In my C program, I want to get the PID of the process, send a SIGSTOP to that and wait until a SIGCONT arrives from another terminal. So, the procedure looks like
int pid_t = getpid();
printf("PID %d has been stopped\n", pid_t);
STOP(pid_t);
while (not_received_CONT(pid_t))
;
// continue the program
How can I complete that?
CodePudding user response:
What you're writing doesn't make sense. When you stop the process, there is no more instructions being processed in the program and as such there is no while
loop to wait for receiving the continuation.
If you check man 7 signal
you can see that only one signal currently (in Linux) causes continuation of a process: SIGCONT
, hence its not technically necessary to process a while loop check if you didn't get a continuation -- UNLESS you've got a situation where a number of signals are pending and you're trying to determine that.

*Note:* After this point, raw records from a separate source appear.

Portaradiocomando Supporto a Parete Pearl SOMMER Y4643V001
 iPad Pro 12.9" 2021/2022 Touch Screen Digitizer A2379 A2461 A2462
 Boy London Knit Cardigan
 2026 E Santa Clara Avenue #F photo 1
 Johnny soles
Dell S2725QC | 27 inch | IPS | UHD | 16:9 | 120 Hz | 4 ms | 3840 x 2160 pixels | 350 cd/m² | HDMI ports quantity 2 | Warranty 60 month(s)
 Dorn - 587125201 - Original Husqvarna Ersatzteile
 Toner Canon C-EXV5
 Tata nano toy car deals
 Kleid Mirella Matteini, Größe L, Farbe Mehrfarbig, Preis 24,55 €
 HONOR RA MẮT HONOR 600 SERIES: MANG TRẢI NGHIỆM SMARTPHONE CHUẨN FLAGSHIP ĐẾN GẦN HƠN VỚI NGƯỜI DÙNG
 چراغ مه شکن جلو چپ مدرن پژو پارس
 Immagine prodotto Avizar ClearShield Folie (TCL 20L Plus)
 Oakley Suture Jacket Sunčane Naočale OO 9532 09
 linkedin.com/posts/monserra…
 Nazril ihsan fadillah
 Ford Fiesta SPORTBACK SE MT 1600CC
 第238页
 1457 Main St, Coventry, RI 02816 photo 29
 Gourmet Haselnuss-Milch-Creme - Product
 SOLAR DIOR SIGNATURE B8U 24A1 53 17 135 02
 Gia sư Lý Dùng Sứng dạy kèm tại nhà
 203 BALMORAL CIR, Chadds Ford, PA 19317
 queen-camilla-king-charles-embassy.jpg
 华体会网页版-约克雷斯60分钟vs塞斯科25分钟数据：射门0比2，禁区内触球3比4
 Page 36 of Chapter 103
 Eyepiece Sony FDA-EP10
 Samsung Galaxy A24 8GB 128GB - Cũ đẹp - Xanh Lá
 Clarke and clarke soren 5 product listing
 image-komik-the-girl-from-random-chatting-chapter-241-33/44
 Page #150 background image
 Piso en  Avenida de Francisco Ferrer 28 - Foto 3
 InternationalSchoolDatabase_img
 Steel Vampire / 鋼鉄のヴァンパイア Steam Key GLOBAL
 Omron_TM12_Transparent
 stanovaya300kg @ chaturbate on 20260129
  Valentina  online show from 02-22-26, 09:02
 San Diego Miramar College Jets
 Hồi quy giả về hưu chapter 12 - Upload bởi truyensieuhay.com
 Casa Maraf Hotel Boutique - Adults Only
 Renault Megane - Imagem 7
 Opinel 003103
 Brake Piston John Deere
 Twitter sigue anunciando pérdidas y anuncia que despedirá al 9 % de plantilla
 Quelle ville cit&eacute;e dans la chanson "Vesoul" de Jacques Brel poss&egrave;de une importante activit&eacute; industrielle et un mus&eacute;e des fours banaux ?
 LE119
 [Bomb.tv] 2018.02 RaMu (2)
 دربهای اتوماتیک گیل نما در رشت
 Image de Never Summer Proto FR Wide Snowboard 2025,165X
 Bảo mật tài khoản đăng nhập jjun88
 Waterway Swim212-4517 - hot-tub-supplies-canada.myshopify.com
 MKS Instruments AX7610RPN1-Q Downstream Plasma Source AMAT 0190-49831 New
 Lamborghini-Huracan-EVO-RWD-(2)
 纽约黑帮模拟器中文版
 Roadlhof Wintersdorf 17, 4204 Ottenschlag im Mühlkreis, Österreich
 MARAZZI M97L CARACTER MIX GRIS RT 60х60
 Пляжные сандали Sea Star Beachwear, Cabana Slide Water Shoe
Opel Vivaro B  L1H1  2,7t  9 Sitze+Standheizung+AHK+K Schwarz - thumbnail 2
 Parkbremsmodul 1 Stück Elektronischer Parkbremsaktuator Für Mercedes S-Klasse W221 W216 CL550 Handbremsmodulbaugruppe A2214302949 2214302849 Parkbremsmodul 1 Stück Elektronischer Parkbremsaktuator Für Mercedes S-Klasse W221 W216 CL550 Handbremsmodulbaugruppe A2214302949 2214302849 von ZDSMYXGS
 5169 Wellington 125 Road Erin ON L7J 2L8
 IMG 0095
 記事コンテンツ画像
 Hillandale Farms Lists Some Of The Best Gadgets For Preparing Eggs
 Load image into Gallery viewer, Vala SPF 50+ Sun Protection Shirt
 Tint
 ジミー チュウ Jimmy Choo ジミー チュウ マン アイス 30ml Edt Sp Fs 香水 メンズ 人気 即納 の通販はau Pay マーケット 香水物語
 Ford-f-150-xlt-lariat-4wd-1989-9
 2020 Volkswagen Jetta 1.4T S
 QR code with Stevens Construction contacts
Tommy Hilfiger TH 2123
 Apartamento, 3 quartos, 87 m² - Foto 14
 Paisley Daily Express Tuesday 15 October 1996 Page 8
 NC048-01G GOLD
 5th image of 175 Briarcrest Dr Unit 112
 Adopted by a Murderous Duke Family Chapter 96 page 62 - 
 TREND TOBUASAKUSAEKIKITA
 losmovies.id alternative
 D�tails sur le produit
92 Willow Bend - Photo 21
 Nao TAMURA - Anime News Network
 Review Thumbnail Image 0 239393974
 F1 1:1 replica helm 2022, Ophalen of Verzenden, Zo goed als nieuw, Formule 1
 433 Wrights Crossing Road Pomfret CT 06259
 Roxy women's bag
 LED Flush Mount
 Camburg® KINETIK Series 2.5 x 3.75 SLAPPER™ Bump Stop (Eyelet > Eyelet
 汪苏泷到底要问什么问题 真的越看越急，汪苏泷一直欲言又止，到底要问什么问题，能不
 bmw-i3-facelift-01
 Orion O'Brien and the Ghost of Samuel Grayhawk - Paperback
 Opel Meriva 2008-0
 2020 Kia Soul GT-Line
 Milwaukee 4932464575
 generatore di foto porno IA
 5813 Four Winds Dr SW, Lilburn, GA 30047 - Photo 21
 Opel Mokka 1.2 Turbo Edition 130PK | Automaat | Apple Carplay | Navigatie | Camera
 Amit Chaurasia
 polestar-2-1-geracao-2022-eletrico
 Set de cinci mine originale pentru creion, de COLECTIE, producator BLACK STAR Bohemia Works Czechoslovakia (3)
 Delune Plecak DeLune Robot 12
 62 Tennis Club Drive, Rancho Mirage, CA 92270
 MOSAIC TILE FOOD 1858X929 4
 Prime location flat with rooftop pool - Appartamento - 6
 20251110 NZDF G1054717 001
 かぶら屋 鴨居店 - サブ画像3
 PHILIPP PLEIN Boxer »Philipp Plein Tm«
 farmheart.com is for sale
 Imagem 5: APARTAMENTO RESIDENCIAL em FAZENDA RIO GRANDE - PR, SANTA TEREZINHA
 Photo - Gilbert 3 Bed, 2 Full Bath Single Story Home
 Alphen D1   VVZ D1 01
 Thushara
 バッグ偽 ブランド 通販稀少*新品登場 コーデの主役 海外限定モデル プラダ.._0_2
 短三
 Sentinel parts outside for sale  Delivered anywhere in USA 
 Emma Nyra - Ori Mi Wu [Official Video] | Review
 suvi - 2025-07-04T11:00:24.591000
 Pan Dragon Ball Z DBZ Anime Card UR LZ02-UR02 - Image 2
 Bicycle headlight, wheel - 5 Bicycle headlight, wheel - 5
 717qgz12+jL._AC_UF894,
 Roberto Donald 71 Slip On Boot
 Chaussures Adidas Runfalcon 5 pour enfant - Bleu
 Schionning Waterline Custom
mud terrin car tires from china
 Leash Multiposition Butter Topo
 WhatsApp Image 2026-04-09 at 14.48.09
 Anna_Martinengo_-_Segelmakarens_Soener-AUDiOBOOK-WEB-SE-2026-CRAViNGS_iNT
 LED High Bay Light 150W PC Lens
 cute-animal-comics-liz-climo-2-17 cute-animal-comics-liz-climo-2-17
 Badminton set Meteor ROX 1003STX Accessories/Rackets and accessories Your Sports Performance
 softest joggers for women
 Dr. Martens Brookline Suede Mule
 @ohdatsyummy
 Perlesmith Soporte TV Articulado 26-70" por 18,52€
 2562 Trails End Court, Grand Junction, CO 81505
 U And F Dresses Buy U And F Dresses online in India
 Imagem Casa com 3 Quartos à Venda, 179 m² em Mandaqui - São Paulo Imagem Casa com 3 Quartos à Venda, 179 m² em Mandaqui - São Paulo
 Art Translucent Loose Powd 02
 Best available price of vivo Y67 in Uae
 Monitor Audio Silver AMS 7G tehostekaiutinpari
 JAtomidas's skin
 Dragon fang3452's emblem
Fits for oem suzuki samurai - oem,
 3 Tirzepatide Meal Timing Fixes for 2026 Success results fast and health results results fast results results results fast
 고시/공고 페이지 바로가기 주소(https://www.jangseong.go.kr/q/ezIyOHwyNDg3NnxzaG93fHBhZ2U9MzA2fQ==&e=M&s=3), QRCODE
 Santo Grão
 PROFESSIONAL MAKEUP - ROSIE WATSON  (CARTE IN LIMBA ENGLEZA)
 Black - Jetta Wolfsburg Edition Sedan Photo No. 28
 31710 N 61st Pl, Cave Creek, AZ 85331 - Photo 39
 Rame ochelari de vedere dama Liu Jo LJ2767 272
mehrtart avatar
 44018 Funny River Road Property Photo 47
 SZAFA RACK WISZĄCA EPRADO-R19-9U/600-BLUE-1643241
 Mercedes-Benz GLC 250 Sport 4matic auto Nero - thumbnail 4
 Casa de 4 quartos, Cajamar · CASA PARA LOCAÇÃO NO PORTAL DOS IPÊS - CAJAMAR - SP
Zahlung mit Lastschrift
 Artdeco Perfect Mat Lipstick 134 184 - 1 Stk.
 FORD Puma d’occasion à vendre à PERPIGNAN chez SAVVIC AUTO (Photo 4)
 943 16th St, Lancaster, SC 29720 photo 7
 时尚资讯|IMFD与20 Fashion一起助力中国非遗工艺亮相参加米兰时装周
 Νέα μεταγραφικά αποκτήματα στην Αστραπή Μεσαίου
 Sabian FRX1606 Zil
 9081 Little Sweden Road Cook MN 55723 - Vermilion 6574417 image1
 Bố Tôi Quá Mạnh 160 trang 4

You can rewrite your code implicitly to be:
int pid = getpid();
printf("PID %d has been stopped\n", pid);
kill(pid, SIGSTOP);
/* Process implicitly continues here, no while needed */
There are multiple vectors in Linux to manage signal handling which may not necessarily be portable.
There is the traditional signal/sigaction
method of catching signals and invoking function calls on receipt of the signal. This can come with some unexpected caveats if you aren't careful.
Another way you can manage signals is the use of sigwait
, you block the signal with sigprocmask
and can consume signals in a safe fashion using sigwait
to consume the signal at some controlled point in your process.
Finally you can do similar to sigwait
with a signalfd
. The main difference between it and sigwait
being you can poll
the FD to determine its readiness (a signal is received) then read
the FD to consume the signals. This makes it a very nice way to manage signals in event driven programs.